Objective: To evaluate and synthesize interpretability metrics, including minimal important change (MIC), minimal important difference (MID), and minimal detectable change (MDC), across Patient-Reported Outcomes Measurement Information System (PROMIS) and related systems (Quality of Life in Neurological Disorders [Neuro-QoL], Quality of Life in Traumatic Brain Injury [TBI-QoL], Quality of Life in Spinal Cord Injury [SCI-QoL]) in rehabilitation populations.
Data sources: Comprehensive searches of electronic databases (MEDLINE, EMBASE, PsycINFO, HaPI, CINAHL, Cochrane Library, Web of Science) and clinical trial registries (ISRCTN Registry, ClinicalTrials.gov) were conducted from inception through March 23, 2024, in consultation with an information specialist.
Study selection: Eligible studies assessed interpretability metrics in rehabilitation populations using PROMIS, Neuro-QoL, TBI-QoL, or SCI-QoL. Studies of pediatric or nonrehabilitation populations, abstracts, posters, or consensus statements were excluded. A total of 202 studies met inclusion criteria.

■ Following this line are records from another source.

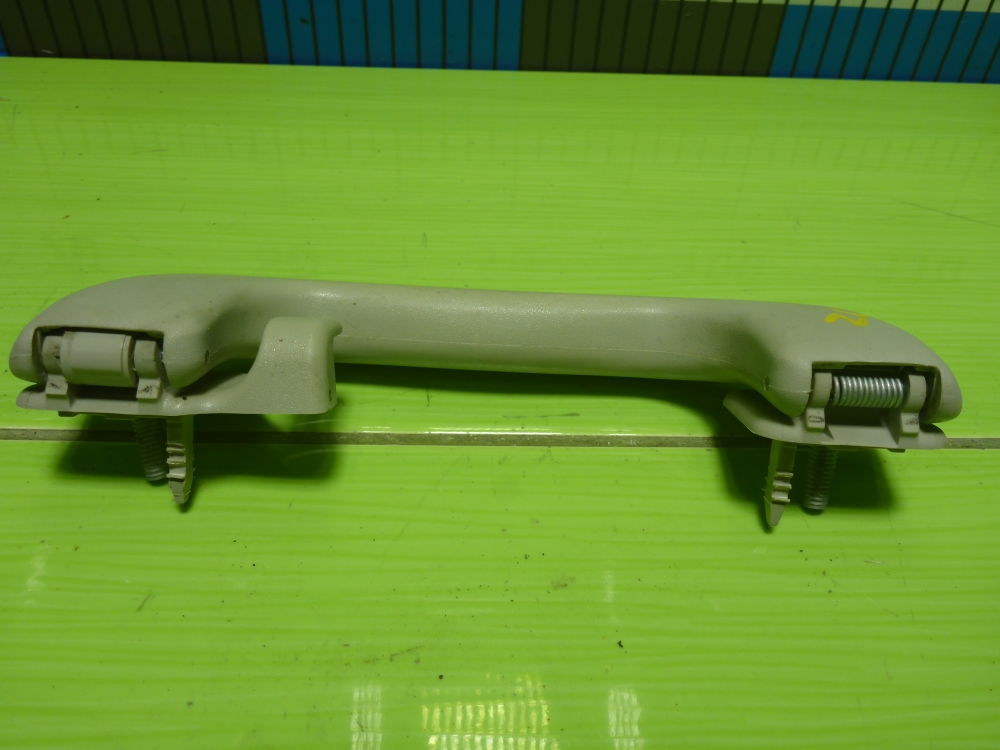 Ручка внутренняя потолочная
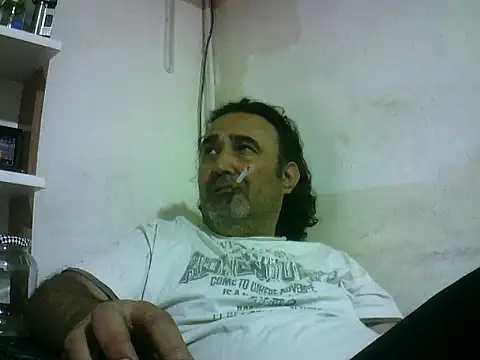 enginbasar online show from 15, 4, 2026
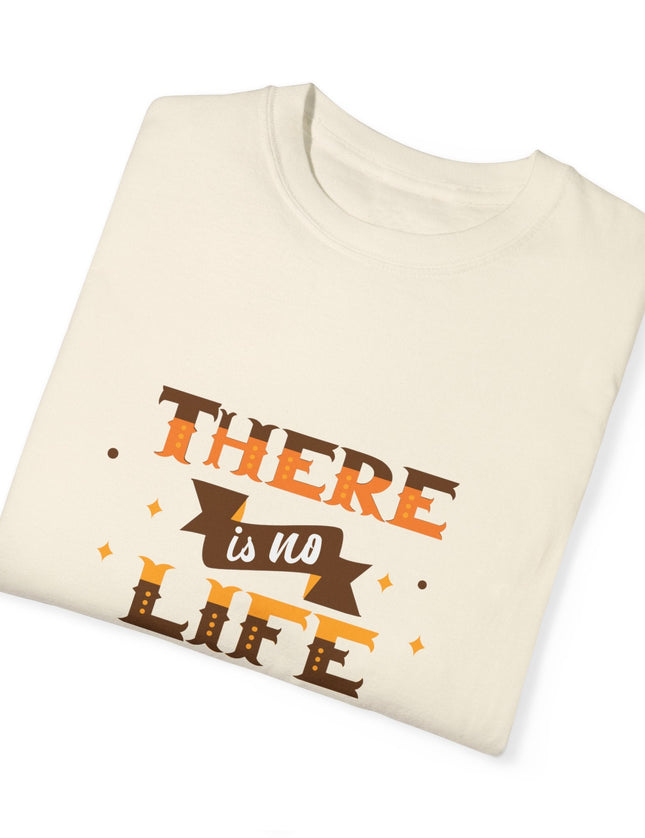 Coffee #0039 - UtopiTees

Data extraction: Two independent reviewers extracted study characteristics, interpretability metrics, and analytical methods following COnsensus-based Standards for the Selection of Health Measurement Instruments guidelines.

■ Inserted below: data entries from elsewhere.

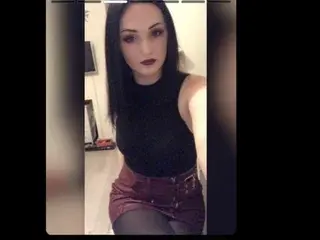 Streamate Watch Live Sex Cams of MayHart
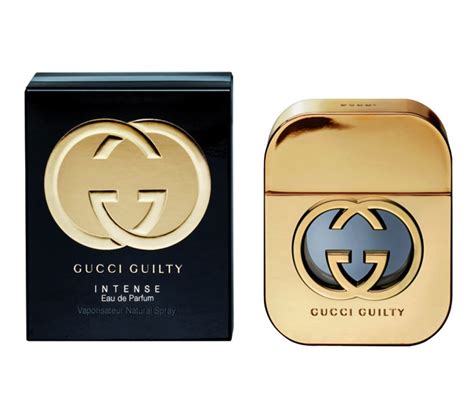 gucci guilty intesnse|Gucci Guilty intense perfume review.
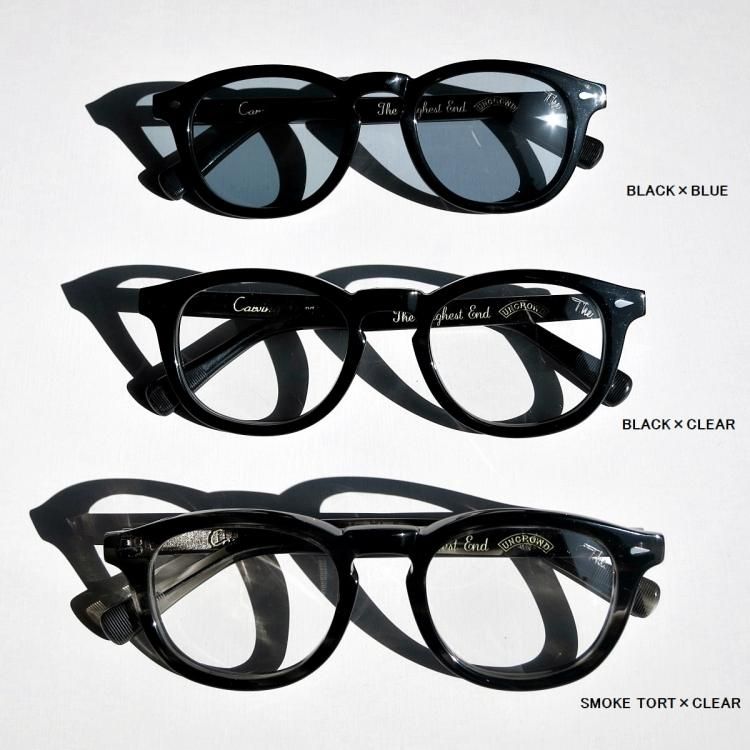 THE HIGHEST END ザ ハイエストエンド TE-004 CARVING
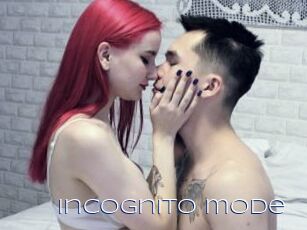 Incognito_mode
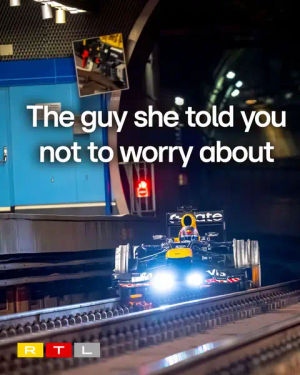 Image post by @rtl.sport on TikTok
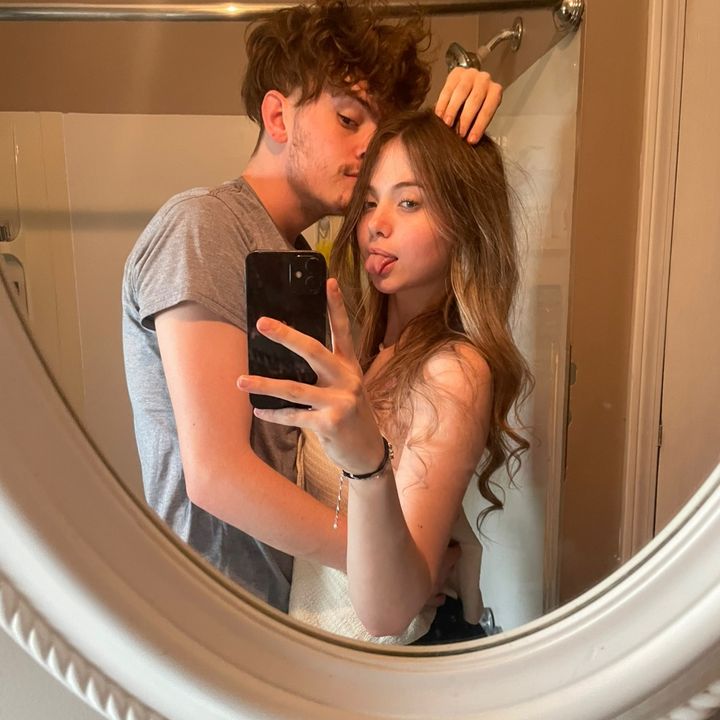 Profile Picture of cmckitrick1 (@cmckitrick1) on Tiktok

Data synthesis: MIC, MID, and MDC values varied widely across populations and domains. PROMIS mental health domains (eg, depression, anxiety, fatigue) demonstrated relatively consistent estimates, whereas physical function domains were more variable, particularly in chronic and geriatric groups. PROMIS Computer Adaptive Testing measures showed fewer floor and ceiling effects than short forms, indicating enhanced sensitivity to change. Limited data were available for SCI-QoL and TBI-QoL.
Conclusions: Standardizing interpretability metrics and expanding research on SCI-QoL and TBI-QoL are critical to improving the clinical utility of these measures in rehabilitation. Future work should incorporate response-shift considerations and establish population-specific cut-points to support patient-centered care and evidence-based practice.